# Directions:
Write out each entry once more so that it matches the original exactly.

# Source material:
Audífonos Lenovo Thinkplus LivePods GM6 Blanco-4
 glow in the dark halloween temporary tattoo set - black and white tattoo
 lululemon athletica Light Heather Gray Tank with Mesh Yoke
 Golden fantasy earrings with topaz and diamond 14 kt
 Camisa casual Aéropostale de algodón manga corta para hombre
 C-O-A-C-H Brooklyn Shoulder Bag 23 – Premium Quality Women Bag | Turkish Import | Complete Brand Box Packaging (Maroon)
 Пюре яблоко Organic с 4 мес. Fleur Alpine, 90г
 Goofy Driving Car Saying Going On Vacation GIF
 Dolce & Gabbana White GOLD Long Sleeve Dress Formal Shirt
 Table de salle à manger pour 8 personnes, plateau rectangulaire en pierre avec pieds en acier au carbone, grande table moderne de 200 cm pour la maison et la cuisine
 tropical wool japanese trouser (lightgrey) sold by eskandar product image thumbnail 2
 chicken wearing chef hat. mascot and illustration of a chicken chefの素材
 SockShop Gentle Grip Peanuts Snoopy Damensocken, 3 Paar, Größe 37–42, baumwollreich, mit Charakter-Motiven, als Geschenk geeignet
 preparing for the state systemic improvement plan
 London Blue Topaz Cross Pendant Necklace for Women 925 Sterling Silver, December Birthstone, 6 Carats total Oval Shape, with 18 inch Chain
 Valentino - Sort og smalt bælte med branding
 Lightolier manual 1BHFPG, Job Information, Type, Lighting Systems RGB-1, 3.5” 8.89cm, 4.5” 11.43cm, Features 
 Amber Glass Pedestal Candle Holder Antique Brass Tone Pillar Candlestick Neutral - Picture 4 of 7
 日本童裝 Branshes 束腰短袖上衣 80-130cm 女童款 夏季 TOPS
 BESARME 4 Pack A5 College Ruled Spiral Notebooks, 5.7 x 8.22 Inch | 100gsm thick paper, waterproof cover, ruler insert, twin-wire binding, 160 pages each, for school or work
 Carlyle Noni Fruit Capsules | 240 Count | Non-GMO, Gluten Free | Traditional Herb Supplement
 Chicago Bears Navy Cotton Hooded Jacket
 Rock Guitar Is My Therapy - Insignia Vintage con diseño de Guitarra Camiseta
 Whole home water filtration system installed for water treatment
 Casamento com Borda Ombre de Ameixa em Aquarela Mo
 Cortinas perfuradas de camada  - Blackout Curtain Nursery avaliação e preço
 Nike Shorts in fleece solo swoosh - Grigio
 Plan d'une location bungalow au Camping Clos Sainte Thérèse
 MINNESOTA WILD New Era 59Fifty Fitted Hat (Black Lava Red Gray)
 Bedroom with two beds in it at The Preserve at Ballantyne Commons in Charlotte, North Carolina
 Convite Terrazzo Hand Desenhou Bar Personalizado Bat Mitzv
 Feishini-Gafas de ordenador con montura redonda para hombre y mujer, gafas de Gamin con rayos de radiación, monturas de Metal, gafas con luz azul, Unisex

# The completed task:
Audífonos Lenovo Thinkplus LivePods GM6 Blanco-4
 glow in the dark halloween temporary tattoo set - black and white tattoo
 lululemon athletica Light Heather Gray Tank with Mesh Yoke
 Golden fantasy earrings with topaz and diamond 14 kt
 Camisa casual Aéropostale de algodón manga corta para hombre
 C-O-A-C-H Brooklyn Shoulder Bag 23 – Premium Quality Women Bag | Turkish Import | Complete Brand Box Packaging (Maroon)
 Пюре яблоко Organic с 4 мес. Fleur Alpine, 90г
 Goofy Driving Car Saying Going On Vacation GIF
 Dolce & Gabbana White GOLD Long Sleeve Dress Formal Shirt
 Table de salle à manger pour 8 personnes, plateau rectangulaire en pierre avec pieds en acier au carbone, grande table moderne de 200 cm pour la maison et la cuisine
 tropical wool japanese trouser (lightgrey) sold by eskandar product image thumbnail 2
 chicken wearing chef hat. mascot and illustration of a chicken chefの素材
 SockShop Gentle Grip Peanuts Snoopy Damensocken, 3 Paar, Größe 37–42, baumwollreich, mit Charakter-Motiven, als Geschenk geeignet
 preparing for the state systemic improvement plan
 London Blue Topaz Cross Pendant Necklace for Women 925 Sterling Silver, December Birthstone, 6 Carats total Oval Shape, with 18 inch Chain
 Valentino - Sort og smalt bælte med branding
 Lightolier manual 1BHFPG, Job Information, Type, Lighting Systems RGB-1, 3.5” 8.89cm, 4.5” 11.43cm, Features 
 Amber Glass Pedestal Candle Holder Antique Brass Tone Pillar Candlestick Neutral - Picture 4 of 7
 日本童裝 Branshes 束腰短袖上衣 80-130cm 女童款 夏季 TOPS
 BESARME 4 Pack A5 College Ruled Spiral Notebooks, 5.7 x 8.22 Inch | 100gsm thick paper, waterproof cover, ruler insert, twin-wire binding, 160 pages each, for school or work
 Carlyle Noni Fruit Capsules | 240 Count | Non-GMO, Gluten Free | Traditional Herb Supplement
 Chicago Bears Navy Cotton Hooded Jacket
 Rock Guitar Is My Therapy - Insignia Vintage con diseño de Guitarra Camiseta
 Whole home water filtration system installed for water treatment
 Casamento com Borda Ombre de Ameixa em Aquarela Mo
 Cortinas perfuradas de camada  - Blackout Curtain Nursery avaliação e preço
 Nike Shorts in fleece solo swoosh - Grigio
 Plan d'une location bungalow au Camping Clos Sainte Thérèse
 MINNESOTA WILD New Era 59Fifty Fitted Hat (Black Lava Red Gray)
 Bedroom with two beds in it at The Preserve at Ballantyne Commons in Charlotte, North Carolina
 Convite Terrazzo Hand Desenhou Bar Personalizado Bat Mitzv
 Feishini-Gafas de ordenador con montura redonda para hombre y mujer, gafas de Gamin con rayos de radiación, monturas de Metal, gafas con luz azul, Unisex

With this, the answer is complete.